Dataset excerpts:
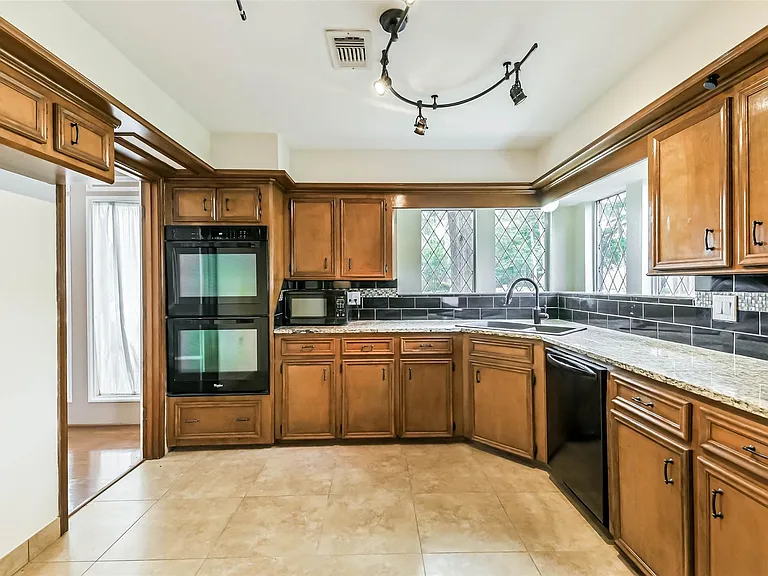 12910 Ivyforest Dr — Photo 15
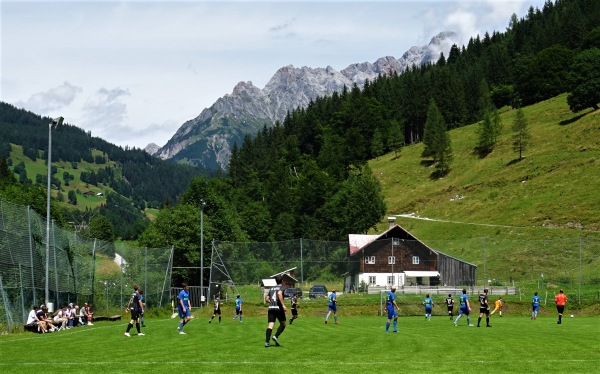 Sportplatz Dienten - Dienten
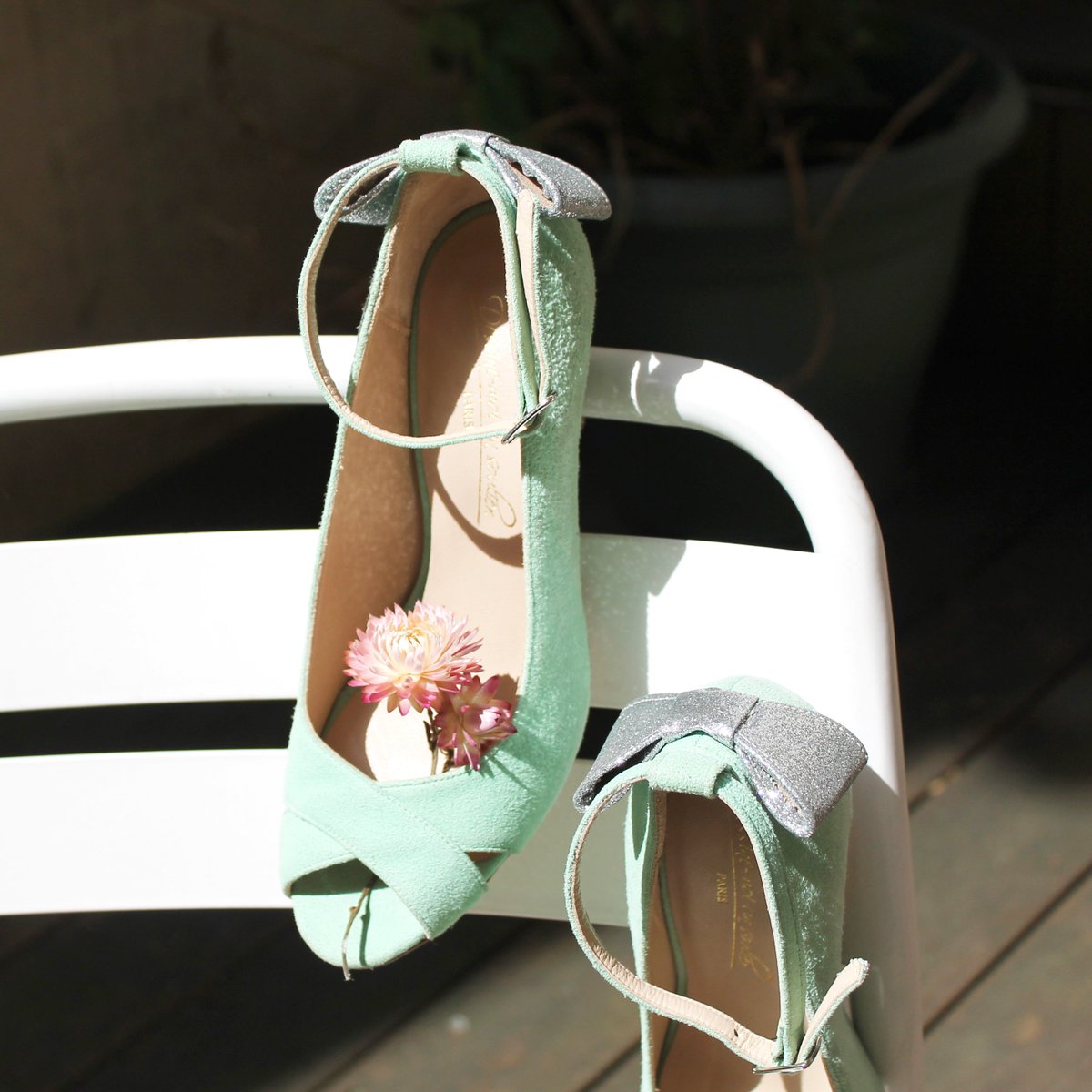 DMUS_Paris's tweet image. Dès demain, de jolies surprises vous attendent ... 🎀 Rendez-vous sur notre page facebook  buff.ly/2lH3CYW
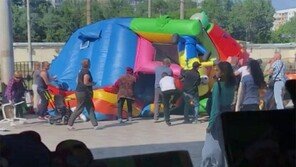 하늘로 솟구친 공기 미끄럼틀…유아 2명 추락해 중상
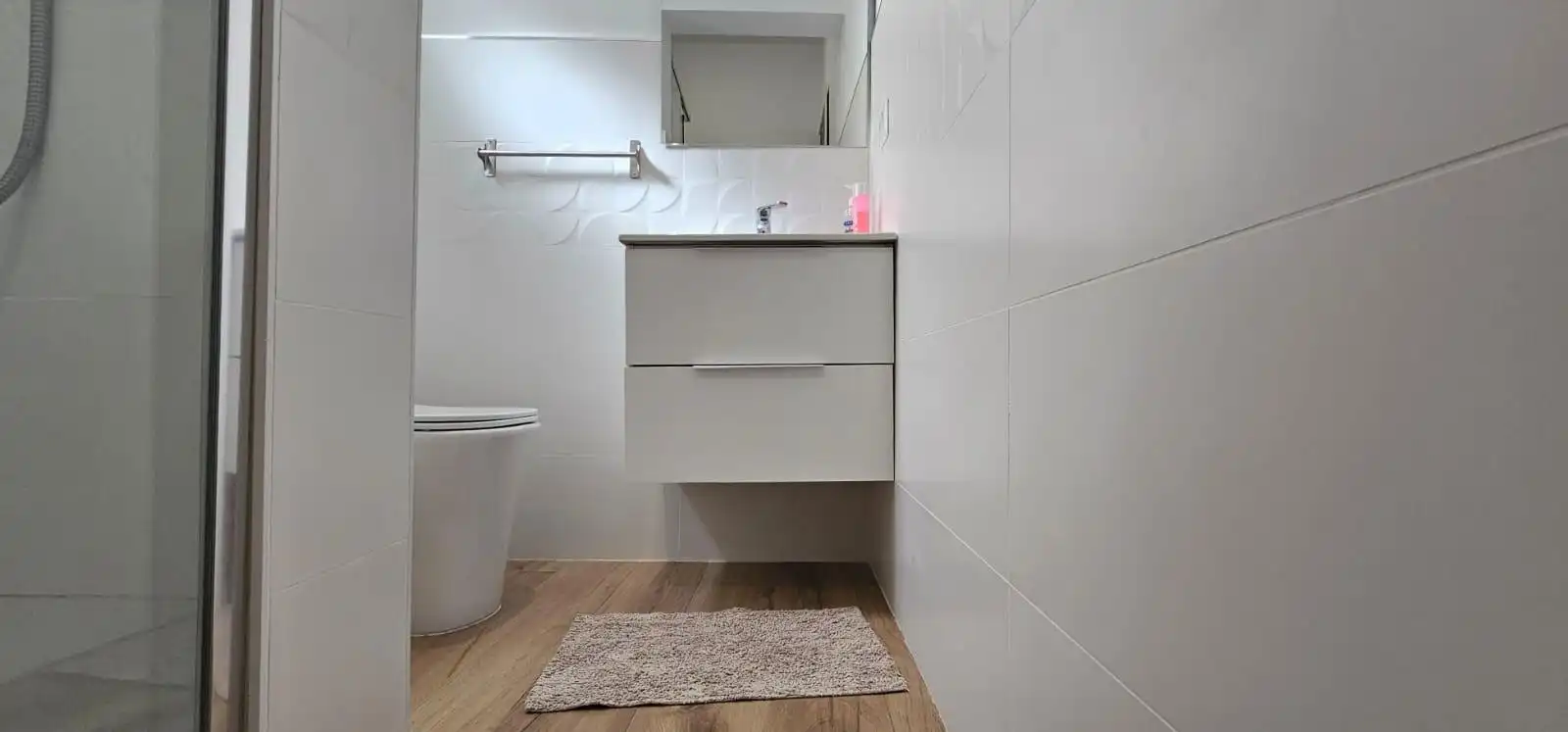 Badezimmer von Wohnungen zum Verkauf in Arona mit Möbliert und Gemeinschaftspool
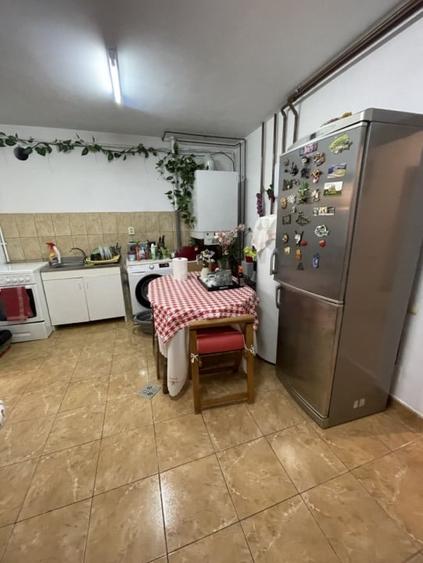 Casă individuală cu 6 camere cu Canalizare în Europa
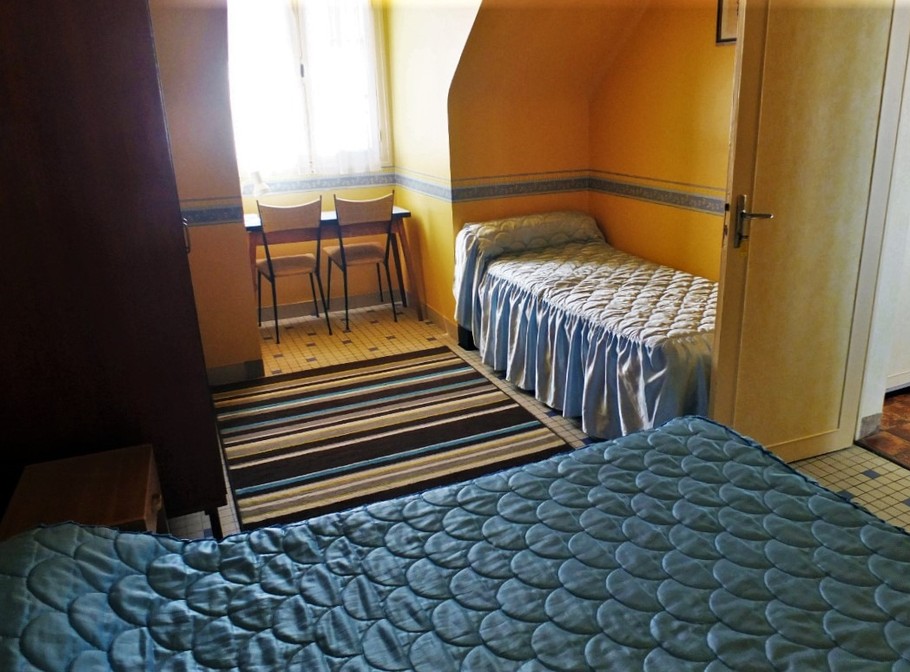 Chambre pour 3 personnes (1 lit pour 2 personnes 140x190 cm et 1 lit 1 personne 90x190). Avec bureau.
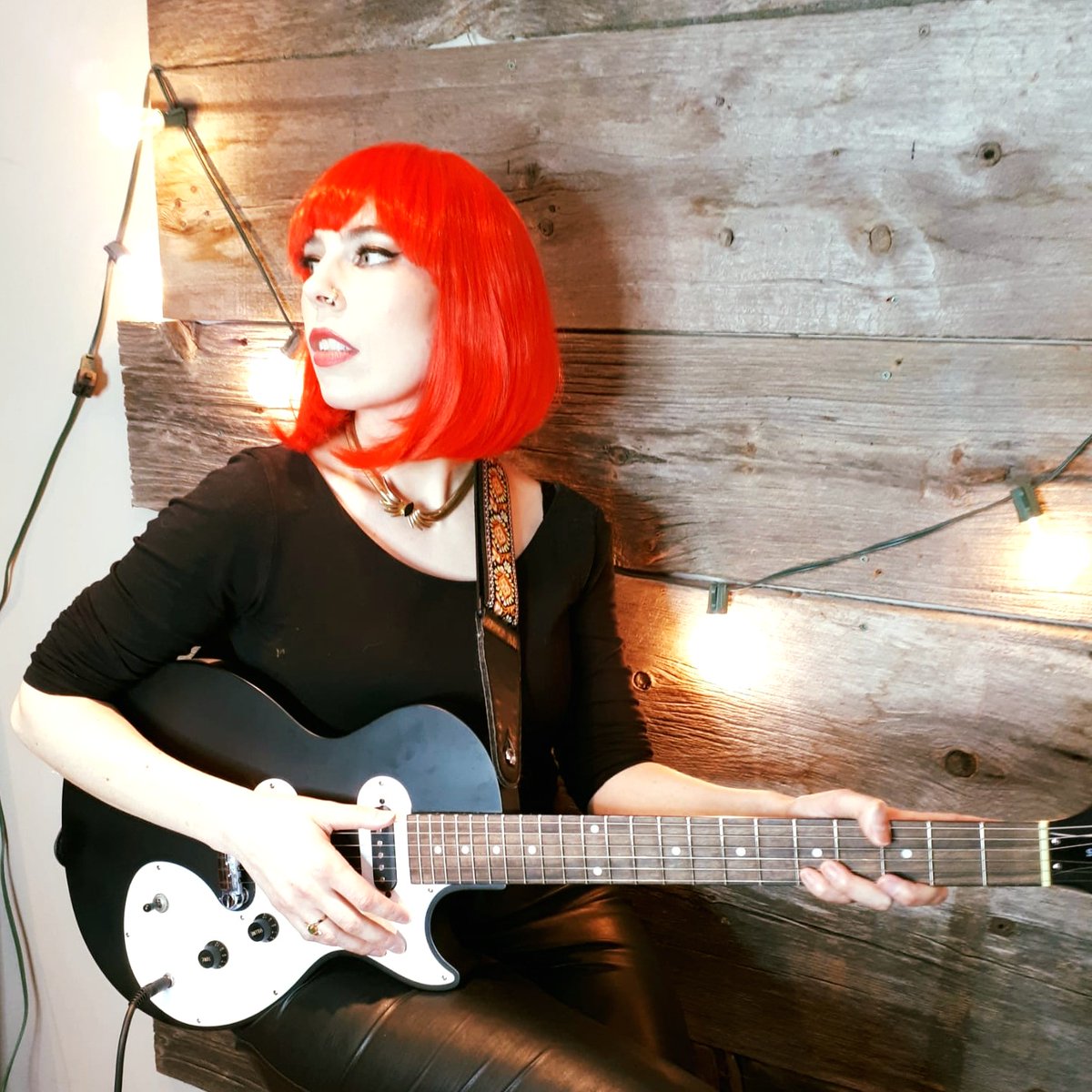 Have a great weekend, friends! 🎸😘🤗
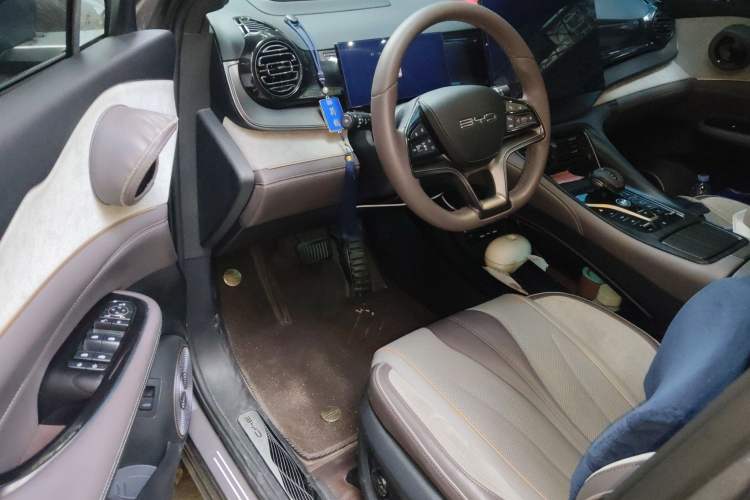 Used BYD Frigate 07 2023 DM-i 100KM Flagship Model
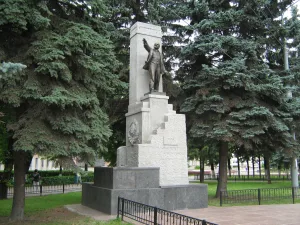 Памятник Ленину на улице Коминтерна (Нижний Новгород)
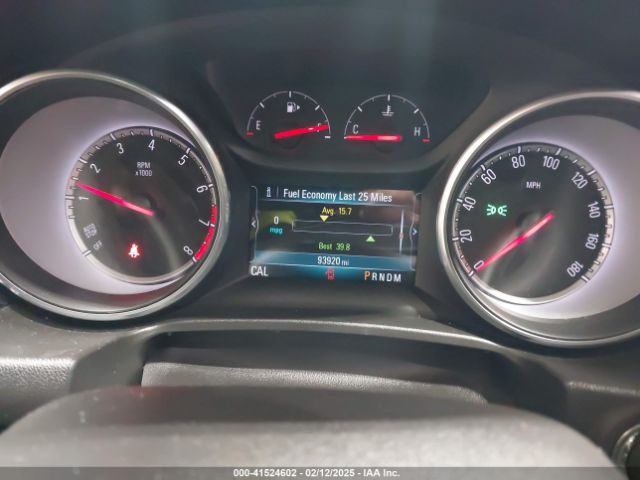 W04GV8SX5J1110895 Buick Regal Tourx Essence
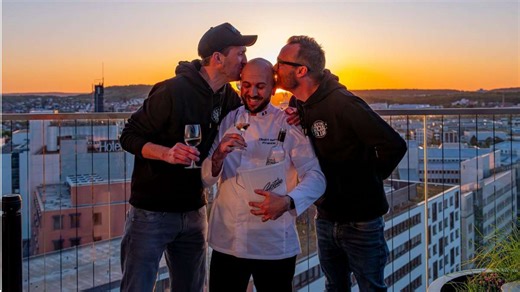 Porsche Design Tower in Stuttgart: Deutsch-französische Freundschaft ist bei Sunset-Party dem Himmel so nah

= What to work on =
Quote the data above exactly from the line with "Badezimmer von Wohnungen" to the line with "Chambre pour 3", both ends counted, and nothing else. Pictures don't go in.

= Written response =
 Badezimmer von Wohnungen zum Verkauf in Arona mit Möbliert und Gemeinschaftspool
 Casă individuală cu 6 camere cu Canalizare în Europa
 Chambre pour 3 personnes (1 lit pour 2 personnes 140x190 cm et 1 lit 1 personne 90x190). Avec bureau.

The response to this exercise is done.